*** Material provided ***
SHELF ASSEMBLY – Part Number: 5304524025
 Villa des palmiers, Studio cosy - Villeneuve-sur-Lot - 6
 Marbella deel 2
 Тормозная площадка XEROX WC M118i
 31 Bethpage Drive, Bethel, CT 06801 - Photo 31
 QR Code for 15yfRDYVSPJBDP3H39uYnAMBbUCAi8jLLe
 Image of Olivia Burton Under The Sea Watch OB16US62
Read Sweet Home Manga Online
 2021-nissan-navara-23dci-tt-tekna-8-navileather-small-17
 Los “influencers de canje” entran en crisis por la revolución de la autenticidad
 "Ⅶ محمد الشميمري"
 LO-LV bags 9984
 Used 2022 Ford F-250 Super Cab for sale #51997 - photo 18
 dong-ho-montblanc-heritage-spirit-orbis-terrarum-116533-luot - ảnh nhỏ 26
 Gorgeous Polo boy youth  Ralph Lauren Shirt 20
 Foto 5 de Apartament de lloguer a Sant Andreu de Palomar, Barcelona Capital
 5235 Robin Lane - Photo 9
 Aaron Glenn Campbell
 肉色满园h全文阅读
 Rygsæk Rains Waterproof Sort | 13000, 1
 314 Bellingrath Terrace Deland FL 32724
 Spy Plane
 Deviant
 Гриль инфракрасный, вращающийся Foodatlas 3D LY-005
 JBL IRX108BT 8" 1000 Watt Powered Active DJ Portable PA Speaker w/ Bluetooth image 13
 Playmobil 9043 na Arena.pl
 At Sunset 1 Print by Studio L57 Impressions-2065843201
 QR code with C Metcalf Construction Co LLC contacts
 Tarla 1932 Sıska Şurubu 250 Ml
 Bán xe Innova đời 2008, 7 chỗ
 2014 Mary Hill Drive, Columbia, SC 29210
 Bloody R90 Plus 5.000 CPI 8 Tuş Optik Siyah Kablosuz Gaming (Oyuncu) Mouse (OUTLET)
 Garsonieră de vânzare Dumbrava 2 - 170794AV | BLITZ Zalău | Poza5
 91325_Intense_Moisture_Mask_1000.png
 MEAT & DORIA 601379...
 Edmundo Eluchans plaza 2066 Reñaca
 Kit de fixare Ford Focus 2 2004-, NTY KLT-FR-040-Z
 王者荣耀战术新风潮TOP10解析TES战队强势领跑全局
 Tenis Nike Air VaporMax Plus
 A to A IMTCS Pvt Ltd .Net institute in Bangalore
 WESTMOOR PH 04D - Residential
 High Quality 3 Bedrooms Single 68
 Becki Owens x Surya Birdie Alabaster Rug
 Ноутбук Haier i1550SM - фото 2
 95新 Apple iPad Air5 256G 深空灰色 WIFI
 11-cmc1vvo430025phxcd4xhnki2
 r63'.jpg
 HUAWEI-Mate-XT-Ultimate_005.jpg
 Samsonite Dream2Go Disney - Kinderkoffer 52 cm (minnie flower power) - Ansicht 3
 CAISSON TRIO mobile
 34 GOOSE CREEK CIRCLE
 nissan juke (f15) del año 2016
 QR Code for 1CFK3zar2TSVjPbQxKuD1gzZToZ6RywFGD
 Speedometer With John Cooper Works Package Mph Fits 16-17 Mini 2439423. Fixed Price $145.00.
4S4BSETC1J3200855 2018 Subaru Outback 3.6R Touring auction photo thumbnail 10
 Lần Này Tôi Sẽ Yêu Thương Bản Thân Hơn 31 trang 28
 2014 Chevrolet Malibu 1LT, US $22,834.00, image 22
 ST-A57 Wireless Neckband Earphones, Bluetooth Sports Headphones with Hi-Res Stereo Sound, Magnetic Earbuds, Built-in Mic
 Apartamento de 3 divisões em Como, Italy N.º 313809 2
***
**What to produce**
All that the answer may hold is the lines from the one with "95新 Apple iPad Air5 256G 深空灰色 WIFI" through the end of the data, set down exactly as they appear.

**Result**
 95新 Apple iPad Air5 256G 深空灰色 WIFI
 11-cmc1vvo430025phxcd4xhnki2
 r63'.jpg
 HUAWEI-Mate-XT-Ultimate_005.jpg
 Samsonite Dream2Go Disney - Kinderkoffer 52 cm (minnie flower power) - Ansicht 3
 CAISSON TRIO mobile
 34 GOOSE CREEK CIRCLE
 nissan juke (f15) del año 2016
 QR Code for 1CFK3zar2TSVjPbQxKuD1gzZToZ6RywFGD
 Speedometer With John Cooper Works Package Mph Fits 16-17 Mini 2439423. Fixed Price $145.00.
4S4BSETC1J3200855 2018 Subaru Outback 3.6R Touring auction photo thumbnail 10
 Lần Này Tôi Sẽ Yêu Thương Bản Thân Hơn 31 trang 28
 2014 Chevrolet Malibu 1LT, US $22,834.00, image 22
 ST-A57 Wireless Neckband Earphones, Bluetooth Sports Headphones with Hi-Res Stereo Sound, Magnetic Earbuds, Built-in Mic
 Apartamento de 3 divisões em Como, Italy N.º 313809 2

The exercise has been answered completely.